25年間WordPressブログを運営してきた。自動更新を切りたくなっている。Mullenwegが突然すべてのブログを壊してしまうのではないかと心配だ。
Hugoに移行した。予想より簡単だった。
MullenwegはWordPressコミュニティの重要な部分に対して最終決定権を持っている。
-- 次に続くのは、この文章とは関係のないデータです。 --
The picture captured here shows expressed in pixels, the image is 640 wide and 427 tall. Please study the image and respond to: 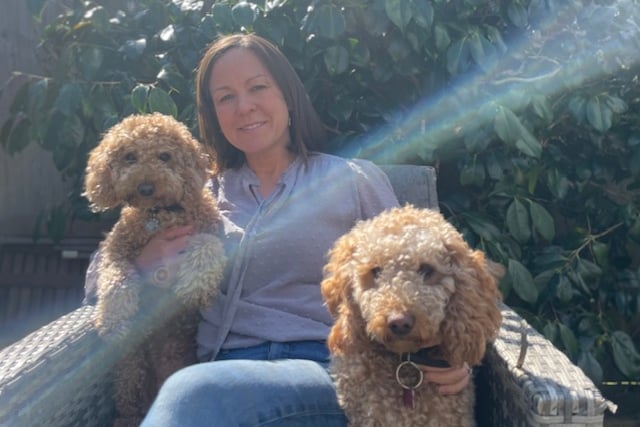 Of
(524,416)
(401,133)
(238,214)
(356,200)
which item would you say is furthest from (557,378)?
(401,133)

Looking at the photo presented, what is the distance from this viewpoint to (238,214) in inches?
93.4

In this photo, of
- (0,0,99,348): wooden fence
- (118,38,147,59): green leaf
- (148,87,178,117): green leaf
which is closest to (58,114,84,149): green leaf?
(118,38,147,59): green leaf

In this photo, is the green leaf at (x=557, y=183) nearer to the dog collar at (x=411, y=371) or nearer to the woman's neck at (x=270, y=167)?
the woman's neck at (x=270, y=167)

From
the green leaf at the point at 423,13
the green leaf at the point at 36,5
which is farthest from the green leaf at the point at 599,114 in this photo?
the green leaf at the point at 36,5

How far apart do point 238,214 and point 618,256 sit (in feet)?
6.25

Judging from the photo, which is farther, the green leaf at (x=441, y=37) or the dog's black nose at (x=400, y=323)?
the green leaf at (x=441, y=37)

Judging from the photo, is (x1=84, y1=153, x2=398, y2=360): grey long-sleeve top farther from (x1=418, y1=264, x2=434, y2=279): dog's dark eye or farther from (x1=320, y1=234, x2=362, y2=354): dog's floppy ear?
(x1=418, y1=264, x2=434, y2=279): dog's dark eye

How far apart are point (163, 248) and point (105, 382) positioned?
0.41 metres

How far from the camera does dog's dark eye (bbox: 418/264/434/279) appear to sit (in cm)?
157

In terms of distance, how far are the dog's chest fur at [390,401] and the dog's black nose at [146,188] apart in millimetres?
815

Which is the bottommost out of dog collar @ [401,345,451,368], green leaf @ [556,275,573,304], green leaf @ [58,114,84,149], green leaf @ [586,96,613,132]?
dog collar @ [401,345,451,368]

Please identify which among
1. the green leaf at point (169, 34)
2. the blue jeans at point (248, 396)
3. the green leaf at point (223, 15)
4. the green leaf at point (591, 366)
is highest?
the green leaf at point (223, 15)

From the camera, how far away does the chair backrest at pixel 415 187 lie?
2.63 m

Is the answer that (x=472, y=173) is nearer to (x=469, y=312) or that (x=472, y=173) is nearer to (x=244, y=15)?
(x=244, y=15)
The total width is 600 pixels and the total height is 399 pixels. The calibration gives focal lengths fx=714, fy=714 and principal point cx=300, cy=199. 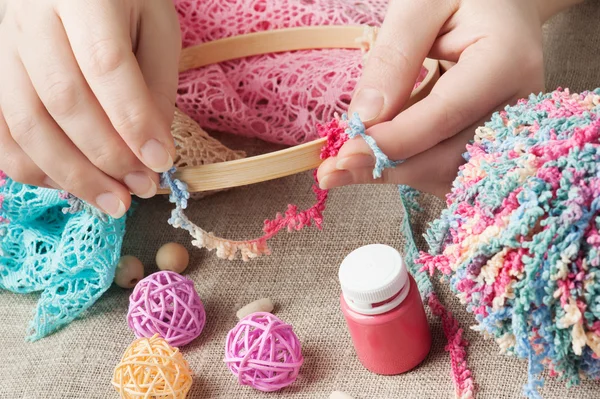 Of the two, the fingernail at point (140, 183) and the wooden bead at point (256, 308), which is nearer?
the fingernail at point (140, 183)

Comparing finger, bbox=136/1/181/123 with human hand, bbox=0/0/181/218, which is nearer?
human hand, bbox=0/0/181/218

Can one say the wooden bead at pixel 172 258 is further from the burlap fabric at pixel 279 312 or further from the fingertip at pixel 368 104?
the fingertip at pixel 368 104

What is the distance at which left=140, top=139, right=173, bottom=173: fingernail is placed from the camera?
0.80 metres

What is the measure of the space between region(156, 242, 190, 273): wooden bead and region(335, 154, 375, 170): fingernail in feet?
1.14

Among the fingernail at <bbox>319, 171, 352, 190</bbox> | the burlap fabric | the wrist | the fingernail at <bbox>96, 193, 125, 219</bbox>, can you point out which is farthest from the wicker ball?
the wrist

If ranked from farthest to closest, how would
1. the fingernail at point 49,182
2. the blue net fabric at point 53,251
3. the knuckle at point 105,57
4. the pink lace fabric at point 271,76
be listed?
the pink lace fabric at point 271,76
the blue net fabric at point 53,251
the fingernail at point 49,182
the knuckle at point 105,57

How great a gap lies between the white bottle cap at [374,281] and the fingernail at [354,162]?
11cm

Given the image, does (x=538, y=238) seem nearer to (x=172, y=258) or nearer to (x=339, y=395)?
(x=339, y=395)

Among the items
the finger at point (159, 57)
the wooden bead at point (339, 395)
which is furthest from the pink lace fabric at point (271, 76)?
the wooden bead at point (339, 395)

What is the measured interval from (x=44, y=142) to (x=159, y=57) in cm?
19

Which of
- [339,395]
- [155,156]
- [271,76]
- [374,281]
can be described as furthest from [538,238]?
[271,76]

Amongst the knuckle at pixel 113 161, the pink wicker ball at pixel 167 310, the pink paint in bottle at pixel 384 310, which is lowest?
the pink wicker ball at pixel 167 310

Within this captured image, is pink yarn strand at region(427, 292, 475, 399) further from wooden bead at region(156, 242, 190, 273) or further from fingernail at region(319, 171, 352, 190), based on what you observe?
wooden bead at region(156, 242, 190, 273)

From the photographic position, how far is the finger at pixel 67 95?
79 centimetres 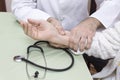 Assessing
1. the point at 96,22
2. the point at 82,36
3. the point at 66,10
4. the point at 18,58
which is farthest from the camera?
the point at 66,10

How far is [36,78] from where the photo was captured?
0.79 metres

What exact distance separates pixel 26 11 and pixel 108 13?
418mm

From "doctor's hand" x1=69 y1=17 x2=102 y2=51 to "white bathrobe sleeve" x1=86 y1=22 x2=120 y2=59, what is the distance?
0.03 meters

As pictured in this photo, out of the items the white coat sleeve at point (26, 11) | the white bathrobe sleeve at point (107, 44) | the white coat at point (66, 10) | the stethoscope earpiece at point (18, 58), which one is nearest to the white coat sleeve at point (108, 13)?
the white coat at point (66, 10)

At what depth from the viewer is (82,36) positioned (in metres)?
0.98

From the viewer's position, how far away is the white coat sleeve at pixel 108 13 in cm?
110

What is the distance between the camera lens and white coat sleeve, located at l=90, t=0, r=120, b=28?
1104 mm

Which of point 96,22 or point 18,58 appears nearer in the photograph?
point 18,58

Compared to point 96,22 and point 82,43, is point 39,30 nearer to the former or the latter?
point 82,43

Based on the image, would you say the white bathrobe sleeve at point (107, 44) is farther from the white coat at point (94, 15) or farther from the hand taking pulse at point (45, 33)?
the hand taking pulse at point (45, 33)

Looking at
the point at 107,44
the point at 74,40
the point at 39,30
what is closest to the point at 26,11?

多くのサイトがHugoやZolaのような静的サイトジェネレーターに移行してほしい。コストが低く、ハッキングのリスクもほとんどない。
WordPressのドラマを傍観している。Mullenwegが3か月のサバティカルを過ごしたというブログ記事を興味深く読んだ。しかし、その後状況は悪化した。
なぜWordPressが真剣なプロの間で人気なのか理解できない。プラグインなしで拡張するのは悪夢だ。
WordPressは成熟したプロジェクトだが、PHPにまつわる問題を解決する精神的後継が存在しないのは驚きだ。